- Work required: Two lines below mark the span: the one containing "Casa San Ignacio Cantillana by Ruralidays" and the one containing "Christmas Decor Ideas". Set down both, plus every line between, exactly as they stand, and nothing else.

- Available data:
+-------+

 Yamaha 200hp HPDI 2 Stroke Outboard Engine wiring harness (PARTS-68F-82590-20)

+-------+

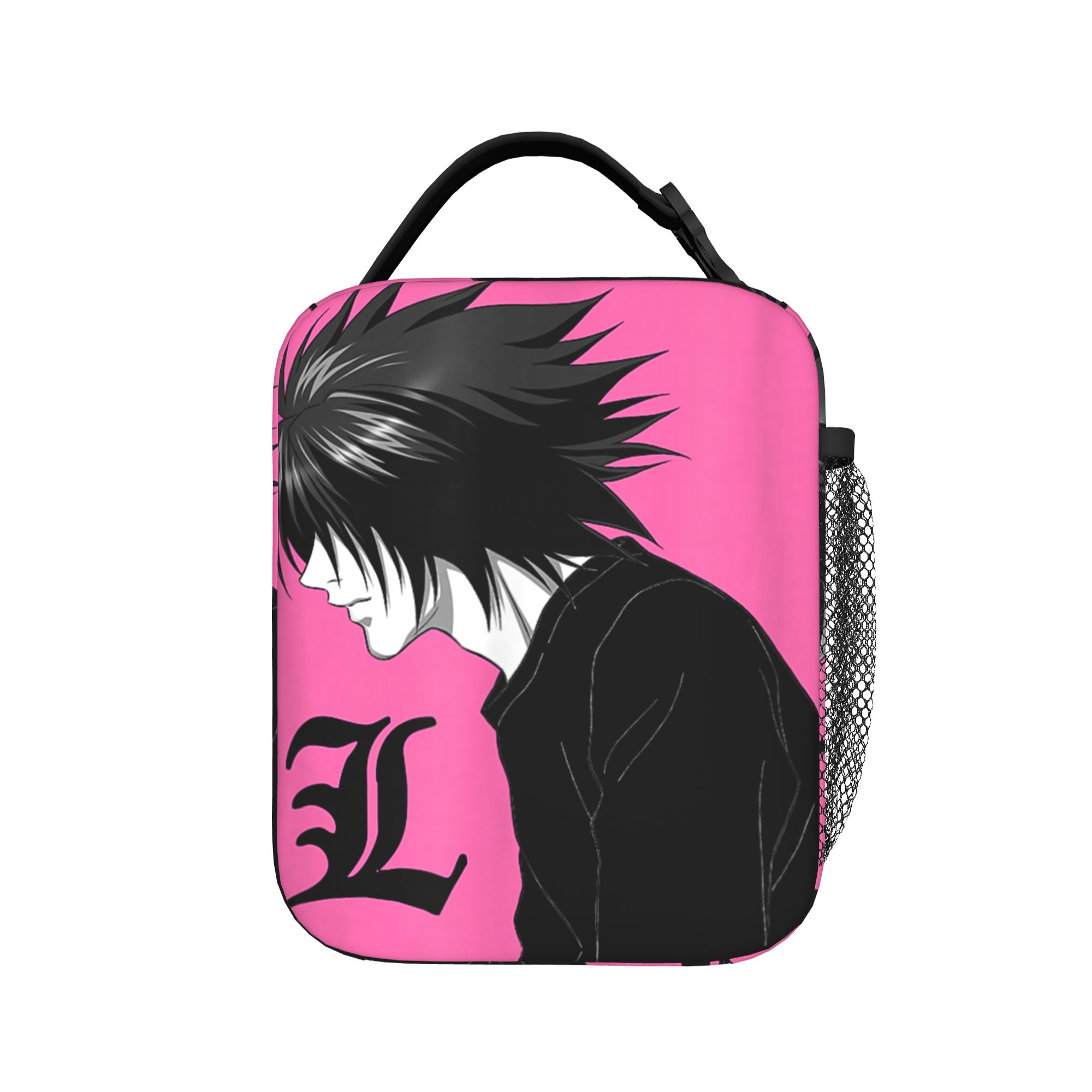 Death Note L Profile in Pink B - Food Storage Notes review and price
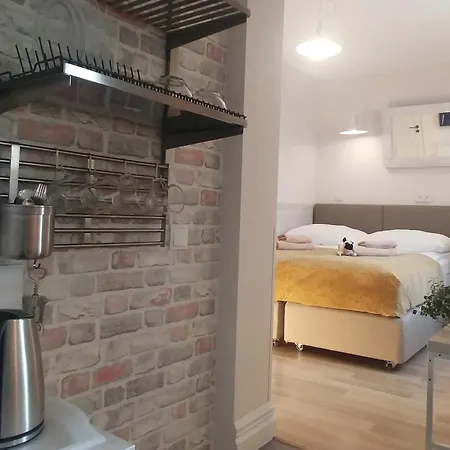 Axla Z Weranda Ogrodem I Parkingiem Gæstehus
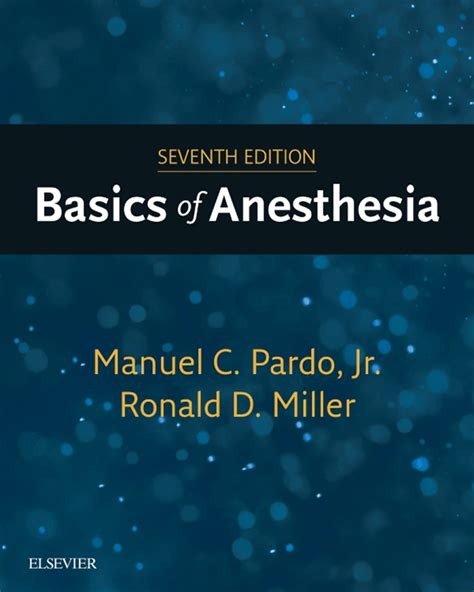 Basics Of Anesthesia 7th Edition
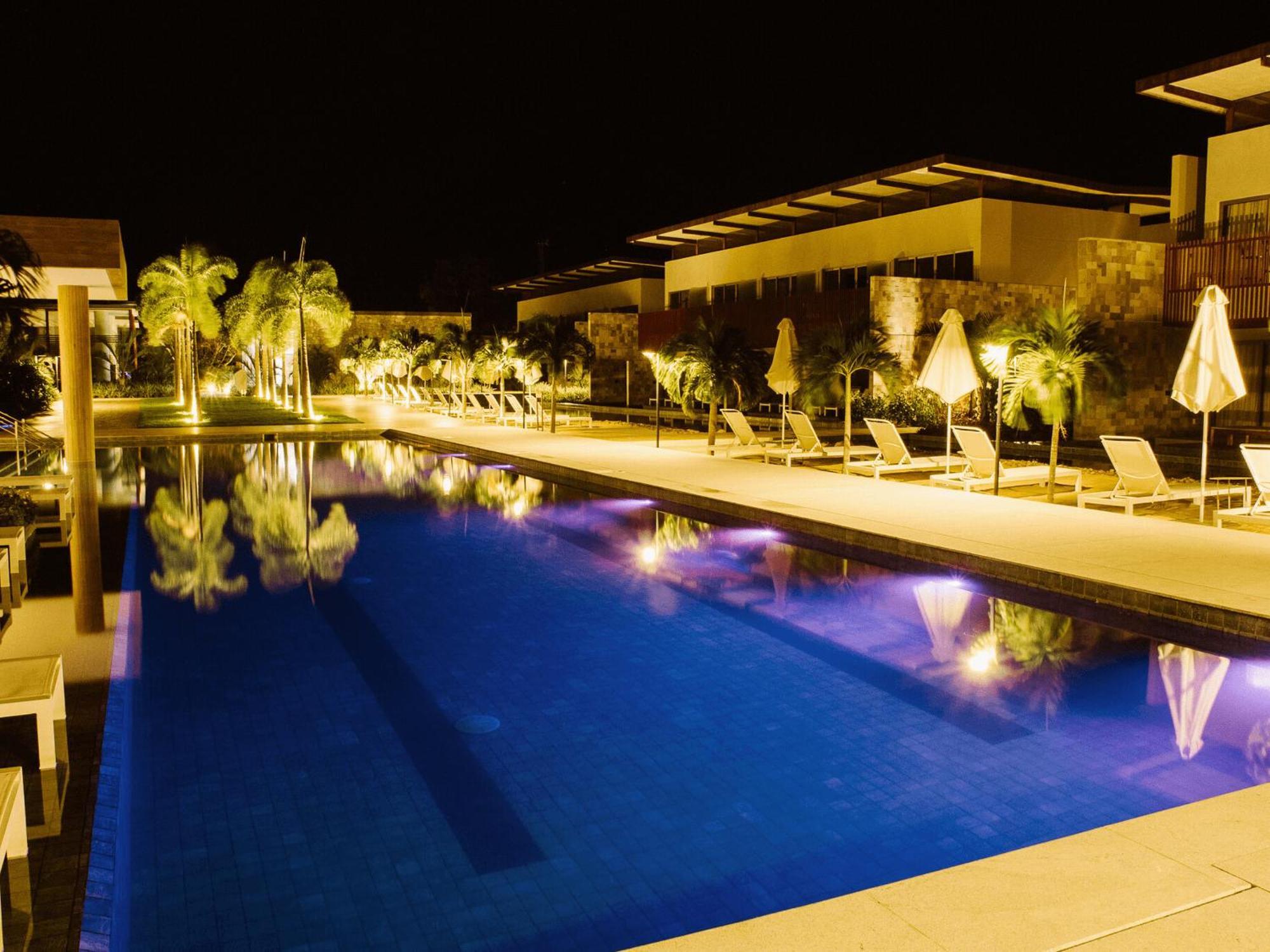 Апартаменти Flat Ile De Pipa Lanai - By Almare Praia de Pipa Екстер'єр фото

+-------+

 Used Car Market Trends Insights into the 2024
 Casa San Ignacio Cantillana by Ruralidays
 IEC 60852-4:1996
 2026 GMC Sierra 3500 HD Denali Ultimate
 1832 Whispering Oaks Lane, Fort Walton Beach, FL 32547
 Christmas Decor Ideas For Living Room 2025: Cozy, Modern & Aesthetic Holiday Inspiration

+-------+

- Output:
 Casa San Ignacio Cantillana by Ruralidays
 IEC 60852-4:1996
 2026 GMC Sierra 3500 HD Denali Ultimate
 1832 Whispering Oaks Lane, Fort Walton Beach, FL 32547
 Christmas Decor Ideas For Living Room 2025: Cozy, Modern & Aesthetic Holiday Inspiration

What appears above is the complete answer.